Instructions to follow: Some lines below hold "marble". Pick them out and copy them.

Data:
=== Section Start ===
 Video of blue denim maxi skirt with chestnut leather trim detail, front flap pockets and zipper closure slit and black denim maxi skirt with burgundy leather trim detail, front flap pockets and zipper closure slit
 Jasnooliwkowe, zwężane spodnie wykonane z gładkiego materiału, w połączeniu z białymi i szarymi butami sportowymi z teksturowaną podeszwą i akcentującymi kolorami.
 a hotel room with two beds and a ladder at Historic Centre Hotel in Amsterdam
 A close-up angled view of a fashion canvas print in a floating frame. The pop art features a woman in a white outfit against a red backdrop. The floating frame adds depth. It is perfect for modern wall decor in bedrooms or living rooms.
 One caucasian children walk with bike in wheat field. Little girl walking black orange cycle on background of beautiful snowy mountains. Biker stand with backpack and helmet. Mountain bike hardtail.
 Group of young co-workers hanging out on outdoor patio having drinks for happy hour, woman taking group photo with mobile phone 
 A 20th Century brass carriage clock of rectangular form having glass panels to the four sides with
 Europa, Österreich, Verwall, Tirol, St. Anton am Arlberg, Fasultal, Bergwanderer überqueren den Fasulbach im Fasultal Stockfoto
=== Section End ===
=== Section Start ===
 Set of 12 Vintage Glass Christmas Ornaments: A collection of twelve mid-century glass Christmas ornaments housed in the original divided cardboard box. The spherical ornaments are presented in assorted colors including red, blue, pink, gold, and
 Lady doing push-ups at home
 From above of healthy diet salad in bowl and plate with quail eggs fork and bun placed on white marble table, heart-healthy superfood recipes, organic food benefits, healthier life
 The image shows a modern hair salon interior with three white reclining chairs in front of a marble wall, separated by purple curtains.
=== Section End ===
Task response:
 From above of healthy diet salad in bowl and plate with quail eggs fork and bun placed on white marble table, heart-healthy superfood recipes, organic food benefits, healthier life
 The image shows a modern hair salon interior with three white reclining chairs in front of a marble wall, separated by purple curtains.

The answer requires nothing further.